La terza parola è comunione, che è centrale nella Chiesa, definisce la sua essenza. La comunione ecclesiale nasce dall’incontro con il Figlio di Dio, Gesù Cristo, che, mediante l’annuncio della Chiesa, raggiunge gli uomini e crea comunione con Lui stesso e con il Padre e lo Spirito Santo (cfr 1 Gv 1,3). È la comunione in Cristo e nella Chiesa che anima, accompagna, sostiene il servizio della carità sia nelle comunità stesse sia nelle situazioni di emergenza in tutto il mondo. In questo modo, la diakonia della carità diventa strumento visibile di comunione nella Chiesa (cfr Compendio della Dottrina Sociale della Chiesa, 4). Per questo, come Confederazione siete accompagnati dal Dicastero per il Servizio dello Sviluppo Umano Integrale, che ringrazio per il lavoro che svolge ordinariamente e, in particolare, per il sostegno alla missione ecclesiale di Caritas Internationalis. Ho detto che siete accompagnati: non siete “sotto”.

Riprendendo questi tre aspetti fondamentali per vivere nella Caritas, ossia la carità, lo sviluppo integrale e la comunione, vorrei esortarvi a viverli con stile di povertà, di gratuità e di umiltà.

Non si può vivere la carità senza avere relazioni interpersonali con i poveri: vivere con i poveri e per i poveri. I poveri non sono numeri ma persone. Perché vivendo con i poveri impariamo a praticare la carità con lo spirito di povertà, impariamo che la carità è condivisione.

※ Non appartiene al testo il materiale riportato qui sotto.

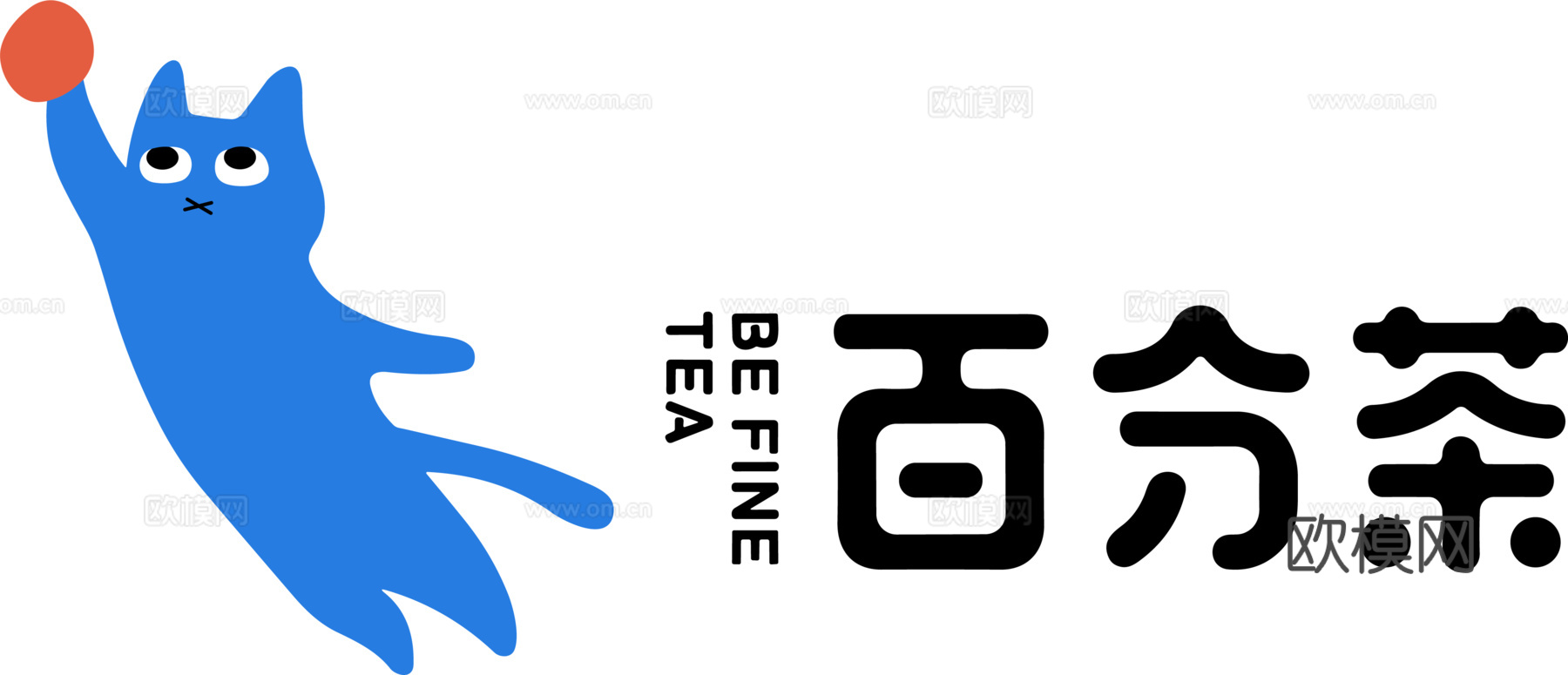 百分茶，奶茶店logo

In realtà, non solo la carità che non arriva alla tasca risulta una falsa carità, ma la carità che non coinvolge il cuore, l’anima e tutto il nostro essere è un’idea di carità ancora non realizzata.

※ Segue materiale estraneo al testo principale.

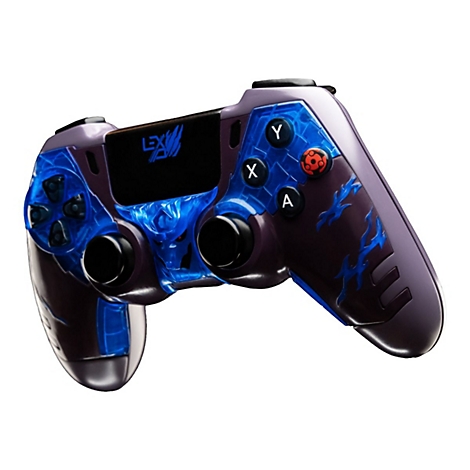Ein Gaming-Controller in Violett und Blau. Blaue Akzente, blaue Tasten, Logo.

Occorre essere sempre attenti a non cadere nella tentazione di vivere una carità ipocrita o ingannatrice, una carità identificata con l’elemosina, con la beneficienza, oppure come “pillola calmante” per le nostre inquiete coscienze. Ecco perché si deve evitare di assimilare l’operato della carità con l’efficacia filantropica o con l’efficienza pianificatrice oppure con l’esagerata ed effervescente organizzazione.

Essendo la carità la più ambita delle virtù alla quale l'uomo possa aspirare per poter imitare Dio, risulta scandaloso vedere operatori di carità che la trasformano in business: parlano tanto della carità ma vivono nel lusso o nella dissipazione oppure organizzano Forum sulla carità sprecando inutilmente tanto denaro. Fa molto male constatare che alcuni operatori di carità si trasformano in funzionari e burocrati.

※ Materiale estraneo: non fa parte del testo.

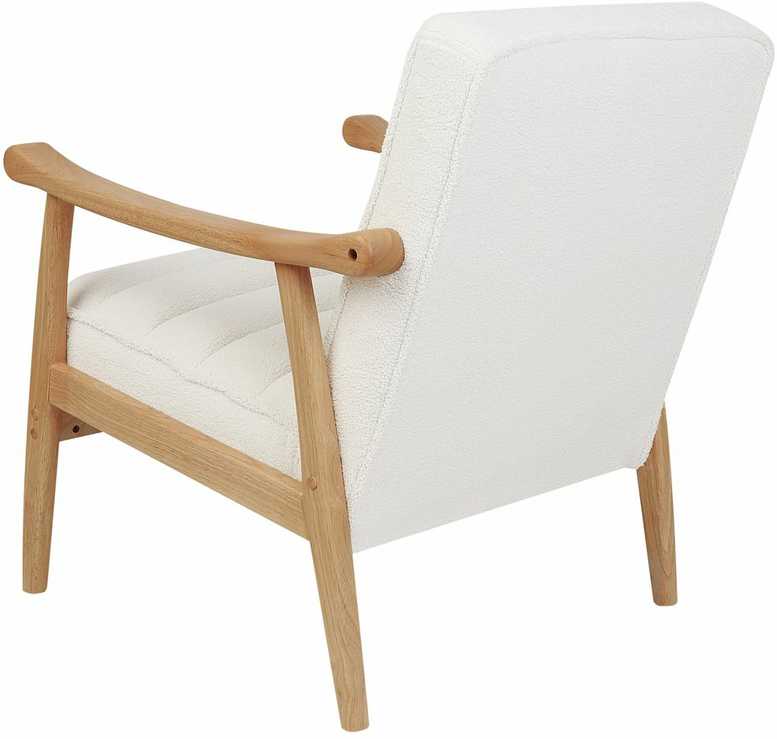 Fotelis Beliani Fotel LEKNES Boucle, kreminė balta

Ecco perché vorrei ribadire che la carità non è un’idea o un pio sentimento, ma è l’incontro esperienziale con Cristo; è il voler vivere con il cuore di Dio che non ci chiede di avere verso i poveri un generico amore, affetto, solidarietà, ecc., ma di incontrare in loro Lui stesso (cfr Mt 25,31-46), con lo stile di povertà.

Cari amici, vi ringrazio, a nome di tutta la Chiesa, per quello che fate con e per tanti fratelli e sorelle che fanno fatica, che sono lasciati ai margini, che sono oppressi dalle schiavitù dei nostri giorni, e vi incoraggio ad andare avanti! Possiate tutti voi, in comunione con le comunità ecclesiali a cui appartenete e di cui siete espressione, continuare a dare con gioia il vostro contributo perché cresca nel mondo il Regno di Dio, Regno di giustizia, di amore e di pace. Vi nutra e vi illumini sempre il Vangelo, e vi guidi l’insegnamento e la cura pastorale della madre Chiesa.

Che il Signore vi benedica e la Madonna vi custodisca. E, per favore, non dimenticatevi di pregare per me. Grazie.